• TASK TO COMPLETE
Would you please return only the lines from the one with "Zemin Tutunma Barı - ZTB70" through the last line of the records below, leaving the pictures out?

• LISTED RECORDS

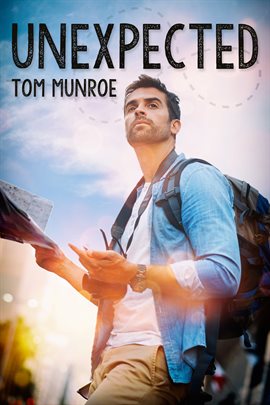 Imagen de portada para Unexpected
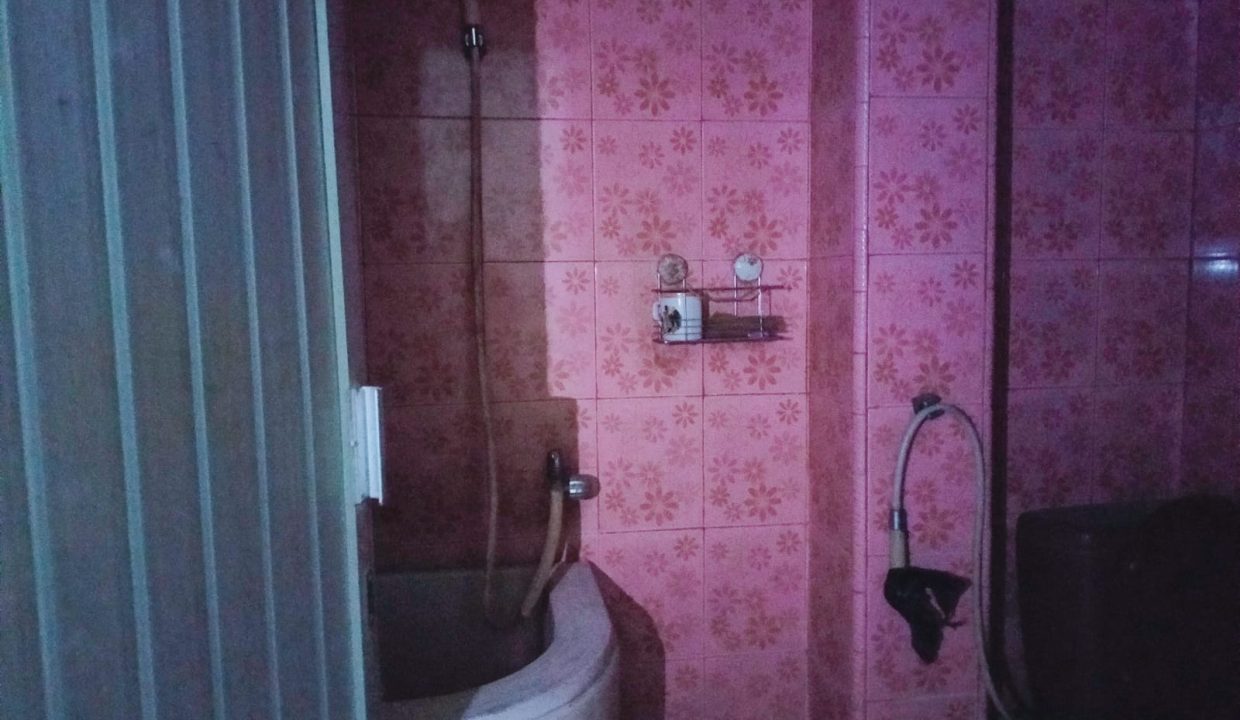 DIJUAL RUMAH DEKAT PUSRI PALEMBANG (7)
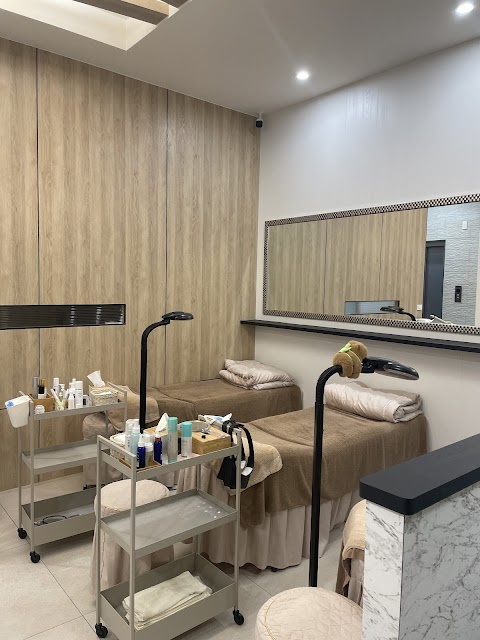 Lohas skin care樂活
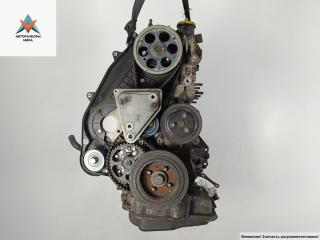 двигатель Opel Zafira 2 поколение (B) [рестайлинг] 2008, 1.7 л., дизель, МКПП, A17DTR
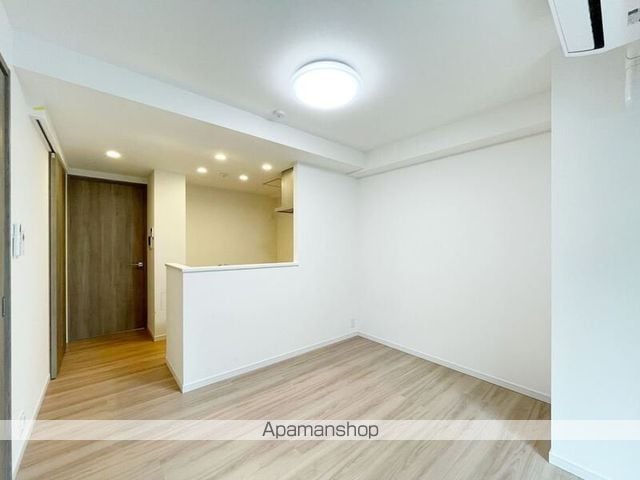 SーRESIDENCE板橋大山BRIMの内装写真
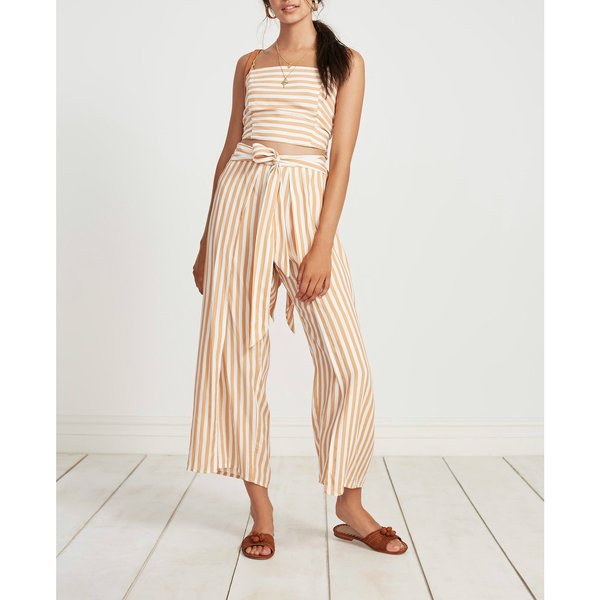 Faithfull The Brand Summer pants - zeus 
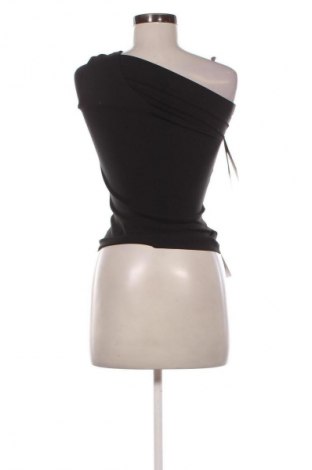 Damen Sporttop Nike, Größe M, Farbe Schwarz, Preis 51,99 €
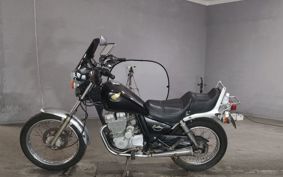 HONDA CBX125 CUSTOM JC12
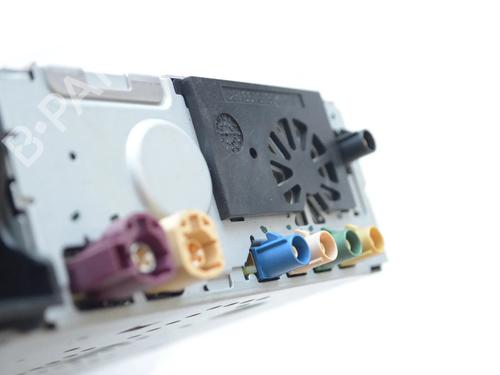 Electronic module BMW 3 (F30, F80) 320 d | BP33339461M83 - Image 4
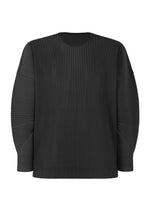 A product shot of the HOMME PLISSE ISSEY MIYAKE MONTHLY COLORS JANUARY prêt à porter in .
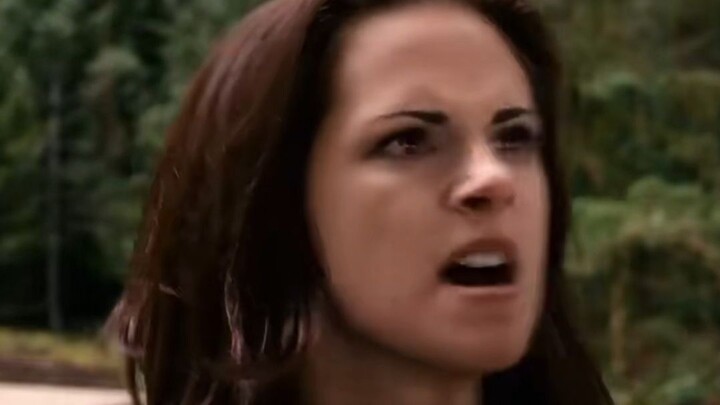 Bella didn’t hit Jacob hard enough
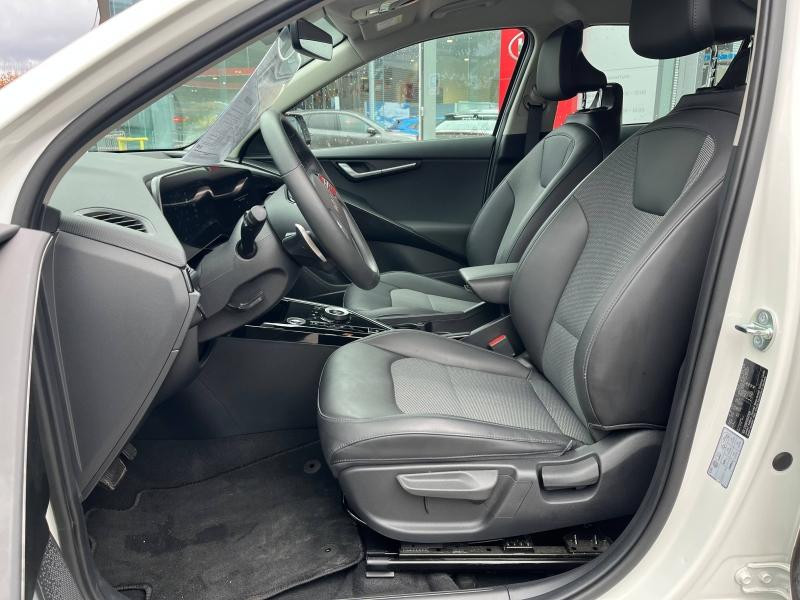 Kia Niro EV 204ch Active 2023 - photo n°10 Kia Niro EV 204ch Active  occasion à Barberey-Saint-Sulpice - photo n°10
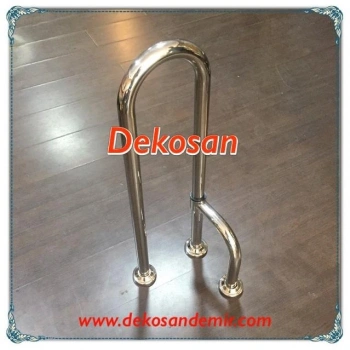 Zemin Tutunma Barı - ZTB70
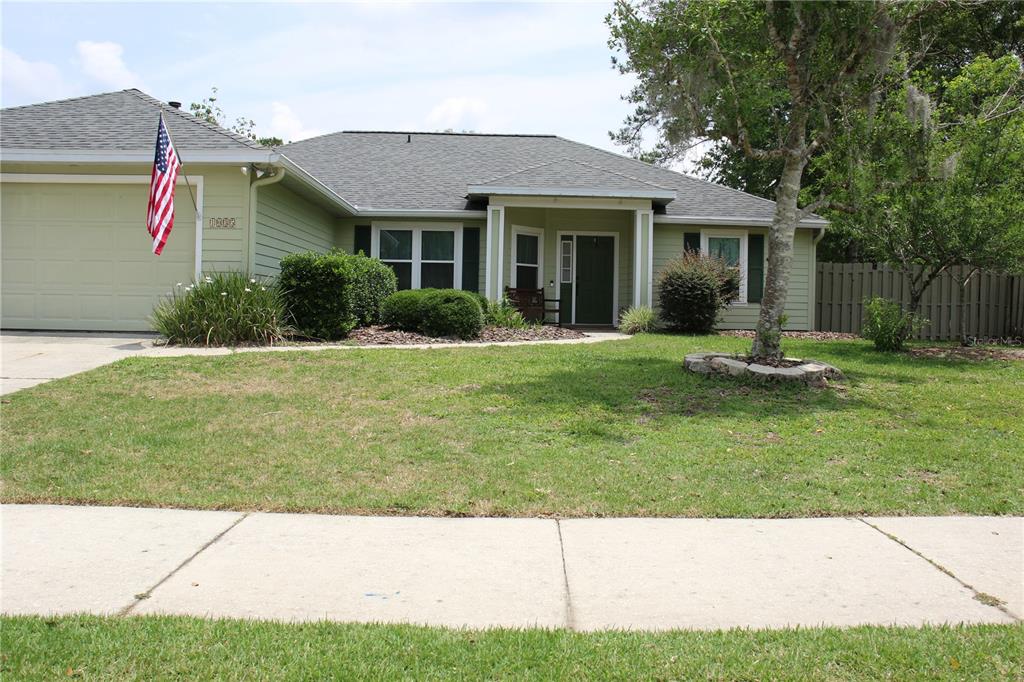 1035 Northwest 89 Drive Gainesville, FL 32606 - Photo 2 of 31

• RESULT BELOW
 Zemin Tutunma Barı - ZTB70
 1035 Northwest 89 Drive Gainesville, FL 32606 - Photo 2 of 31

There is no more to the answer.